For clarity, we address Green’s third point before his second. In his third point, Green alleges the trial court erroneously granted summary judgment on the quiet title claim in that the alleged error in appointment of the successor trustee did not invalidate the foreclosure sale. Green argues that the trial court judgment states the appointment of the successor trustee invalidated the entire foreclosure sale. We disagree.

Green properly named Brown as the successor trustee under the first mortgage. As the successor trustee, Brown had the power to foreclose on that mortgage. However, Brown did not have the right to foreclose on the Jiffy Lube Property when that property was not encumbered by the first mortgage. Brown can only convey the title he held at the time of the foreclosure sale. Webster Oil Co., Inc. v. McLean Hotels, Inc., 878 S.W.2d 892, 894 (Mo.App. S.D.1994), AgriBank FCB v. Cross Timbers Ranch, Inc., 919 S.W.2d 256, 261 (Mo.App. S.D.1996). Thus, the foreclosure sale only conveyed the Car Wash Property to Green. Point denied.

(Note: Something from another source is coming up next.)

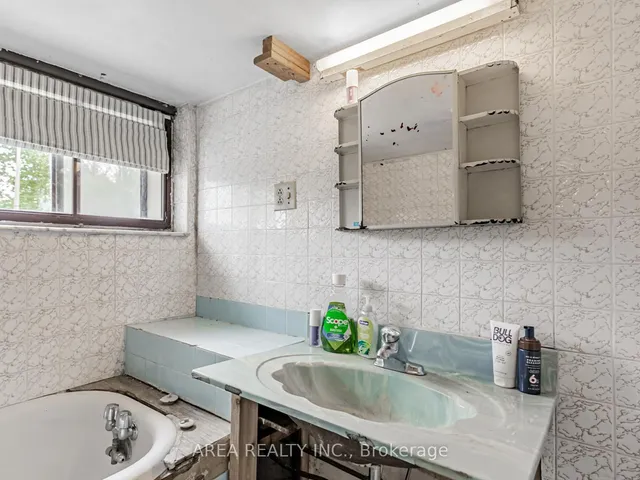 Additional image 21 of 326A Harbord St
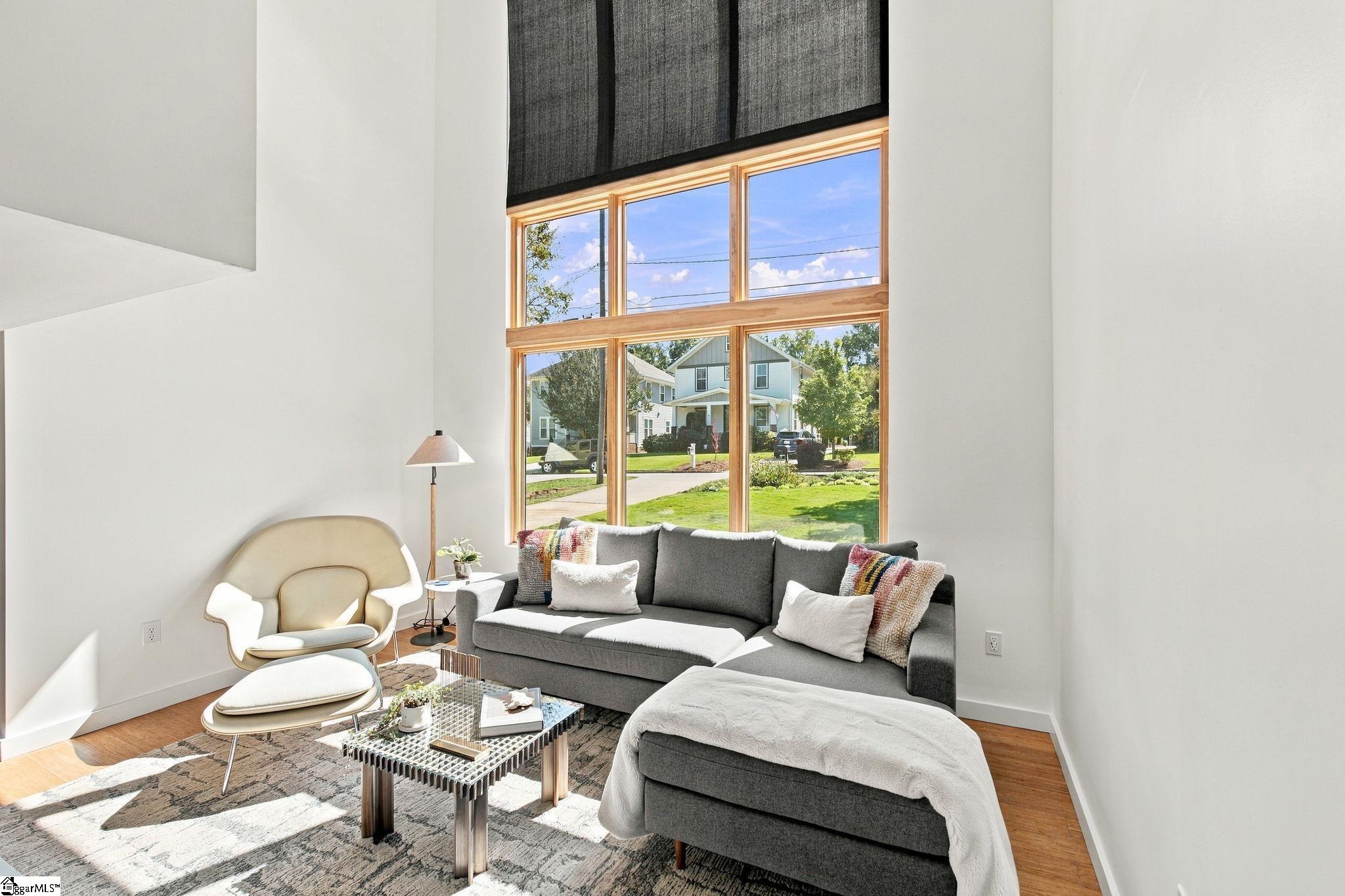 15 E Montclair Avenue Property Photo 18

In point two, Green claims that whether Commerce should be estopped *233from claiming priority as a result of its acquiescence in the foreclosure sale is a genuine issue of material fact which defeats the grant of summary judgment on the quiet title claim. Commerce was under no duty to assert itself at the foreclosure sale as Brown did not have the right to convey the Jiffy Lube Property. It is axiomatic that if a trustee does not have the right to convey title to another’s property, it is not necessary for that other party to appear at a foreclosure sale. Point denied.

Finally, Green filed his response to Commerce’s summary judgment motion and an alternative motion for partial summary judgment on his claim of unjust enrichment. In the alternative to receiving title to the Jiffy Lube Property, Green sought reimbursement from Commerce for the amount of real estate taxes attributable to that property and paid by Green. The trial court found, based upon equitable principles, that Commerce retained $12,000 in escrow for real estate taxes on the Jiffy Lube Property which should be paid to Green. Green claims the trial court erred in denying and limiting his damages for unjust enrichment because the amount which should be paid to Green and whether recovery should be allowed against the tenant in addition to Commerce was a genuine issue of material fact.

Commerce does not own the Jiffy Lube Property; it retains a deed of trust to the property. If the real estate taxes were not paid, the property could be sold for back taxes and Commerce’s deed of trust could be satisfied from that sale. Further, if anyone were enriched by Green’s payment of real estate taxes, it would be the fee property owner, Midwest Superior. Commerce did not appeal the trial court’s award to Green, nor does Green present a genuine issue of material fact which would warrant reversal of the trial court. Point denied.

The judgment of the trial court is affirmed.

GARY M. GAERTNER, SR., P.J., and LAWRENCE G. CRAHAN, J., concur.

. Only title to the Jiffy Lube Property is in question; title to Car Wash Property is not in dispute.

. This deed of trust also could be referred to as a second mortgage given the initial deed of trust to UIB.

. The appointment of successor trustee is for the "Deed of Trust executed by Superior Car Wash, Inc..” There is nothing of record to show an appointment of a successor trustee for "Midwest Superior Car Wash, Inc..”

. Real estate taxes, penalties, and interest totaled $111,964 at the time of filing the instant action.

. The additional rent was in excess of $30,000.

. We note that Appellant complied with Rule 84.04(d). However, we remind Respondents to follow the same guidelines of Rule 84.04(d) and the dictates of Thummel v. King, 570 S.W.2d 679 (Mo. banc 1978).